**TASK INSTRUCTIONS:**
Go through the records and give the number of lines that include "Premium", with nothing else.
⟨
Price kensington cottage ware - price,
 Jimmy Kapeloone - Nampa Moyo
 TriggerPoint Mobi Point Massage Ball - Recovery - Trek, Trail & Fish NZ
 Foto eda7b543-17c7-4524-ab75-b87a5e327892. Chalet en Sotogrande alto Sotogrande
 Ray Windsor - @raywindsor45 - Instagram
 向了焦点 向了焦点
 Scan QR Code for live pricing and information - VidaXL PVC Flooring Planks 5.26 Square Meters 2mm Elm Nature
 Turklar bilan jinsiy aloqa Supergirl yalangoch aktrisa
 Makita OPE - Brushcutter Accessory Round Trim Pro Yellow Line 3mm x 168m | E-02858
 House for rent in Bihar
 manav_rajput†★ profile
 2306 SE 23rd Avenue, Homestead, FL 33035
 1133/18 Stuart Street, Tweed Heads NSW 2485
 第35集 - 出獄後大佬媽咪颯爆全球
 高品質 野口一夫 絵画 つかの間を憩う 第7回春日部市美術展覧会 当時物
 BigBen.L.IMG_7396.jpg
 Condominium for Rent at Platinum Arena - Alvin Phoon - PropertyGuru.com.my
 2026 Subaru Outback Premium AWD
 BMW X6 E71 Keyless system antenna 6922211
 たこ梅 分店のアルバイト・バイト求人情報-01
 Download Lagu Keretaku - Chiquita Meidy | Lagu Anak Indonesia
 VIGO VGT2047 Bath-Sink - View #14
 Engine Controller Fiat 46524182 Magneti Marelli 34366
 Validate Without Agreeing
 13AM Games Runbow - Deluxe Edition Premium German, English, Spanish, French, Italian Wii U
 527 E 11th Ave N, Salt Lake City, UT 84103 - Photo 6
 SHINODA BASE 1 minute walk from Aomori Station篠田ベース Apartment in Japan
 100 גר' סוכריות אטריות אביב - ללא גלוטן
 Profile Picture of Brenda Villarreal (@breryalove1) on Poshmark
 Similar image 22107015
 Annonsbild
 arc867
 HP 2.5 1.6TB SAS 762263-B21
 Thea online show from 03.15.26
⟩
**ANSWER FOR THIS EXERCISE:**
2